Action item → The answer should be an exact repeat of the stretch of material below from the line containing "What's up guys, welcome" through the line containing "For those of".

Task data →
Segment Open
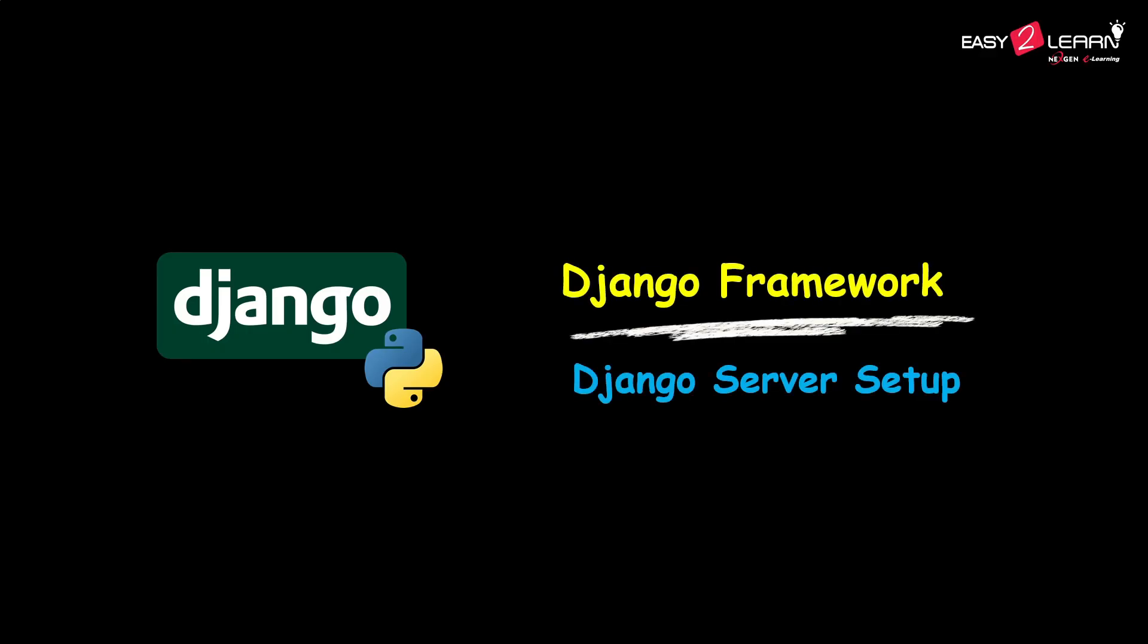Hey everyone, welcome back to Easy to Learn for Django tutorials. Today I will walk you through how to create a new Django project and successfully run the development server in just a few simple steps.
Segment Closed
Segment Open
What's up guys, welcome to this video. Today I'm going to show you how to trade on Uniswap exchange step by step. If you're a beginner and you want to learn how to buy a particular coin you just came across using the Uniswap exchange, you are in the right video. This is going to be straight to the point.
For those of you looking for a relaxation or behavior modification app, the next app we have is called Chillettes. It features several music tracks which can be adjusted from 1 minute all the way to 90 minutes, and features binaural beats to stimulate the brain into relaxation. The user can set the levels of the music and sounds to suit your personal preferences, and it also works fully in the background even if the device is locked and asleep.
Segment Closed
Segment Open
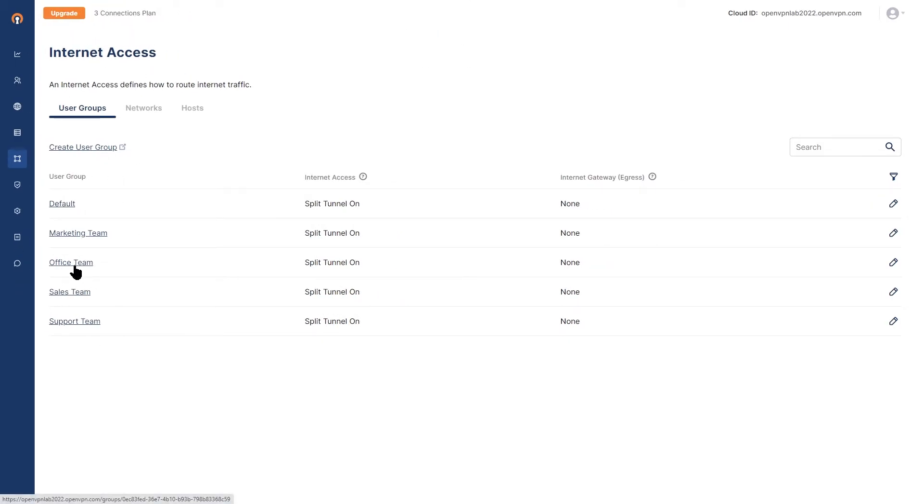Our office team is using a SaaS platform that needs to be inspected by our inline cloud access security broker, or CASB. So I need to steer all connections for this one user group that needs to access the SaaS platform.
Segment Closed
Response for this exercise →
What's up guys, welcome to this video. Today I'm going to show you how to trade on Uniswap exchange step by step. If you're a beginner and you want to learn how to buy a particular coin you just came across using the Uniswap exchange, you are in the right video. This is going to be straight to the point.
For those of you looking for a relaxation or behavior modification app, the next app we have is called Chillettes. It features several music tracks which can be adjusted from 1 minute all the way to 90 minutes, and features binaural beats to stimulate the brain into relaxation. The user can set the levels of the music and sounds to suit your personal preferences, and it also works fully in the background even if the device is locked and asleep.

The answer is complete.